**Dataset entries**
######
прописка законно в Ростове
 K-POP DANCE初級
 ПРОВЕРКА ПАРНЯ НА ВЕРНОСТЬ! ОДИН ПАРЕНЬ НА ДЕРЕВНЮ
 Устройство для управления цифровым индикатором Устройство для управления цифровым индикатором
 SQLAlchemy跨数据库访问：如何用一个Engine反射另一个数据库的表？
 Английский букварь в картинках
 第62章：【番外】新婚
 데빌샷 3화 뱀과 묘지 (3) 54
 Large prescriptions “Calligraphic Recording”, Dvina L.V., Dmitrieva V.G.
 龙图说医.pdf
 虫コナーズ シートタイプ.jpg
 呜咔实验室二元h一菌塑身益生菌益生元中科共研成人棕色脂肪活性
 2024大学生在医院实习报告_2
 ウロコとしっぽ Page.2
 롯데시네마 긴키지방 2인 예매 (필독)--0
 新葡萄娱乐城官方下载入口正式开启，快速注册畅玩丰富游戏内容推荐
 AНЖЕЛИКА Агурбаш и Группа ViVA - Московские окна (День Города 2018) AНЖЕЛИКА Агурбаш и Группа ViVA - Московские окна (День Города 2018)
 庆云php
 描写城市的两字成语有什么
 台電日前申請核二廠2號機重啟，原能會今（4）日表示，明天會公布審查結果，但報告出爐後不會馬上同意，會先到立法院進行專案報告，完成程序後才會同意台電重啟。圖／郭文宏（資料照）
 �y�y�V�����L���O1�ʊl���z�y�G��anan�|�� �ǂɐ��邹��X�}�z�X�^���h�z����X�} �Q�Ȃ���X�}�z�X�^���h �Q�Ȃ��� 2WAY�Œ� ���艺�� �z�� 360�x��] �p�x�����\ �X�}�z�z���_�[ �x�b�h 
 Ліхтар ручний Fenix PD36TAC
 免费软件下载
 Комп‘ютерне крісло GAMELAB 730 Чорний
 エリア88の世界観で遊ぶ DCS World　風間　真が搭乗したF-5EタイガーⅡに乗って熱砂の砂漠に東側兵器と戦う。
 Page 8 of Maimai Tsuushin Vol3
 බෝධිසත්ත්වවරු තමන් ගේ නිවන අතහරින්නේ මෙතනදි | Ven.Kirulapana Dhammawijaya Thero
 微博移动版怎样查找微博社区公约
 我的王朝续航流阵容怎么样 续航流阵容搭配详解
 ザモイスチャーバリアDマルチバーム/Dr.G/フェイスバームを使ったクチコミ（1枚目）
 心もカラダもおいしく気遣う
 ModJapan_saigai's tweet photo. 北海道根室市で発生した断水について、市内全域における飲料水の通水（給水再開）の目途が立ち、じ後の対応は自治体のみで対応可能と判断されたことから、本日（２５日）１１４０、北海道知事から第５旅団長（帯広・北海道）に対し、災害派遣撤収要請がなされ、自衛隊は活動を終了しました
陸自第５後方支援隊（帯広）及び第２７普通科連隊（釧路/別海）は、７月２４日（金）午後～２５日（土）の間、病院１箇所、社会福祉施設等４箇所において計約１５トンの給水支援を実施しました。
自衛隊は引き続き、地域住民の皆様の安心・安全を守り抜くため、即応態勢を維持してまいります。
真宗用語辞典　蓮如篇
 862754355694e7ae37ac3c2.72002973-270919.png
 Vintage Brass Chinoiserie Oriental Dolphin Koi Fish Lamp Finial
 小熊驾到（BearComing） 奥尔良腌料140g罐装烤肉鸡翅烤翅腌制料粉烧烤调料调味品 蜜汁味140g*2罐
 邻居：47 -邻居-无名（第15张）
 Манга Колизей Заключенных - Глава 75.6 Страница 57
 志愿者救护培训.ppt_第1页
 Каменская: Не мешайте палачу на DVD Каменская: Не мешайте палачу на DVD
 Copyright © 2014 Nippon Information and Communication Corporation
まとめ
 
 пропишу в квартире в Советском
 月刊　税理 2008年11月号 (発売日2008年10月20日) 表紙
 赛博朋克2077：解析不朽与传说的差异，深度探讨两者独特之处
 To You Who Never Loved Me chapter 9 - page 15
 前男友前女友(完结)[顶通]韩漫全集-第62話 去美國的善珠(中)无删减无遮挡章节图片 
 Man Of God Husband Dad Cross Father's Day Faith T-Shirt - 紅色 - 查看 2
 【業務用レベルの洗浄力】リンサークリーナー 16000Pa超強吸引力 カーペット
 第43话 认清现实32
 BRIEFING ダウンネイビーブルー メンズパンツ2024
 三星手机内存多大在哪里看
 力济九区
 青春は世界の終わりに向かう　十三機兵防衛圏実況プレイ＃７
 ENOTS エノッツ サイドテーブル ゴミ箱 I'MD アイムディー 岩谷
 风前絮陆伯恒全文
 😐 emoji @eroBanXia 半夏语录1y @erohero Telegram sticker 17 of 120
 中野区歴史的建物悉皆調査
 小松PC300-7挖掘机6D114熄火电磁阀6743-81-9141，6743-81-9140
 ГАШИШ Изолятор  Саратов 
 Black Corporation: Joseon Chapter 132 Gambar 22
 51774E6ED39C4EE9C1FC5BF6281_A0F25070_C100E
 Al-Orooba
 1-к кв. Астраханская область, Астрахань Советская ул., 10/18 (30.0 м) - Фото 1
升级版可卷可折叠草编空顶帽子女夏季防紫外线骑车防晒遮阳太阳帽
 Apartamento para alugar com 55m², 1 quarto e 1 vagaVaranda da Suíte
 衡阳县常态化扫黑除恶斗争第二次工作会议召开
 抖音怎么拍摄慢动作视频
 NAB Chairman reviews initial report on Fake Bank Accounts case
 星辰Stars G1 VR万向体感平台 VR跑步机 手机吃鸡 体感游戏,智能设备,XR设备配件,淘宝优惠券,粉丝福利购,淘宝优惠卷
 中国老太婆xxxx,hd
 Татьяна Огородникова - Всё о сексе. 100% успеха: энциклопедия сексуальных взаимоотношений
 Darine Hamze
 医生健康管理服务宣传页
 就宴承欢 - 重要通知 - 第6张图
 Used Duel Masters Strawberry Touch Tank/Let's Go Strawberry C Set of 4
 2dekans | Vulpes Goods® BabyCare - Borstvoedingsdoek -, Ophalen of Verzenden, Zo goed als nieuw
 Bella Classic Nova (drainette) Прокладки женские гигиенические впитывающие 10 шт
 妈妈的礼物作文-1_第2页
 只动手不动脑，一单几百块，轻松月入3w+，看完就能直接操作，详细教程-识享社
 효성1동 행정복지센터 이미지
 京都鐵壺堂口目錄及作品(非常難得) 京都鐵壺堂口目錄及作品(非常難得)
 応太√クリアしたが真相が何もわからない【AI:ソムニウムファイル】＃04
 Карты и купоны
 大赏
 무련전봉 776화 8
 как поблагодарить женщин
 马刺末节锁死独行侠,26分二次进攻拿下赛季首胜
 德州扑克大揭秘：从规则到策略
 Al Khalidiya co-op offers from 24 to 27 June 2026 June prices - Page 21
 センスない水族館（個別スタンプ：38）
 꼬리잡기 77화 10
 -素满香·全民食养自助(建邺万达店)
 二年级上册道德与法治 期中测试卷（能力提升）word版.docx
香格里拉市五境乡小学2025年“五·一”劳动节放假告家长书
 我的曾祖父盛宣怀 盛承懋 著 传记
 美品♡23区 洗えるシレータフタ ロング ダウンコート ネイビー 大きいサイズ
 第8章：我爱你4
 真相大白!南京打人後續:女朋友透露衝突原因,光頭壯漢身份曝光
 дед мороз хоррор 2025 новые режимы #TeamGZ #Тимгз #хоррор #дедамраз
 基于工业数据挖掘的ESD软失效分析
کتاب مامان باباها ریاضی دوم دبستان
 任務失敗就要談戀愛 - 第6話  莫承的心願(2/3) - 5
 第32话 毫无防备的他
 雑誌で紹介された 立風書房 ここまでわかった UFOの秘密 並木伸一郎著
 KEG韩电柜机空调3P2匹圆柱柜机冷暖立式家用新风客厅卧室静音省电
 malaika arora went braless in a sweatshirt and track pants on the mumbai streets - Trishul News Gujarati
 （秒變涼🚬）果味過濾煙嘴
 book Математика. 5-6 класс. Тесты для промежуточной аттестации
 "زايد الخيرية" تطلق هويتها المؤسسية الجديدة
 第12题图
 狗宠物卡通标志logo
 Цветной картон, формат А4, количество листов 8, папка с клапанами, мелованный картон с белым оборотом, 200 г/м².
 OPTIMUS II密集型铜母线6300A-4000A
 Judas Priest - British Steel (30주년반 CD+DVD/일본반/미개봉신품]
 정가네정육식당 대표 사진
######
Throughout the data above, report every line that contains the string "Corporation".

 Copyright © 2014 Nippon Information and Communication Corporation
 Black Corporation: Joseon Chapter 132 Gambar 22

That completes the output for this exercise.